== WHAT IS BEING ASKED ==
A faithful, word-for-word copy of the data below is required, without pictures.

== DATA SHOWN ==
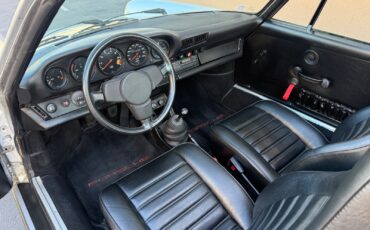 Porsche-911-1978-9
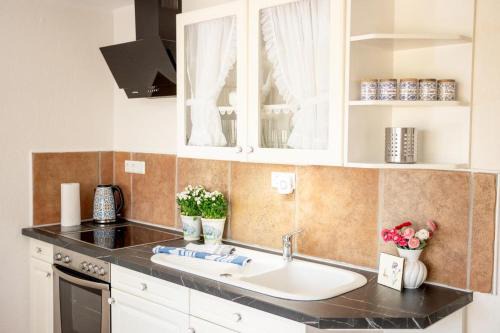 Krummhoern House | Conny´s Kajüte - für bis zu 4 Personen, mit Sauna und Haustiere herzlich willkommen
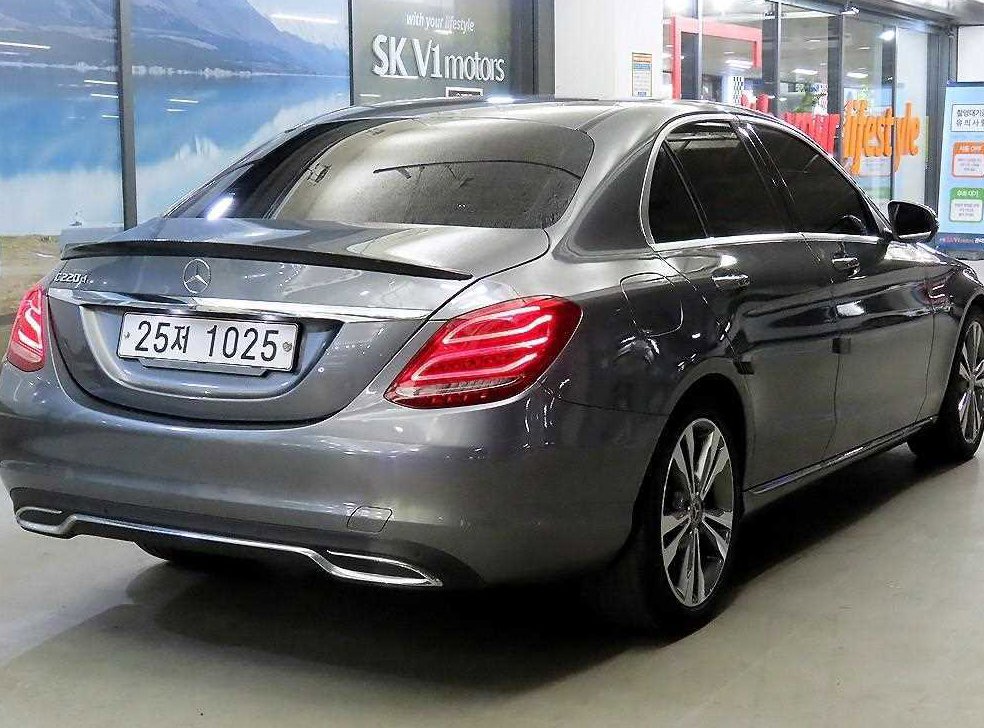 벤츠 C 클래스 C220 d 아방가르드 사진 4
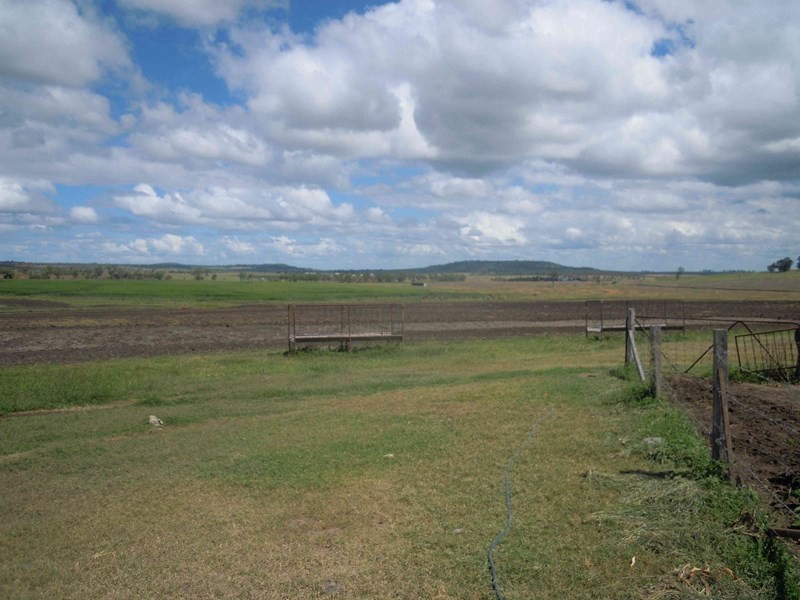393 MURLAGGAN Road, Yarranlea QLD 4356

== YOUR RESPONSE ==
 Porsche-911-1978-9
 Krummhoern House | Conny´s Kajüte - für bis zu 4 Personen, mit Sauna und Haustiere herzlich willkommen
 벤츠 C 클래스 C220 d 아방가르드 사진 4
393 MURLAGGAN Road, Yarranlea QLD 4356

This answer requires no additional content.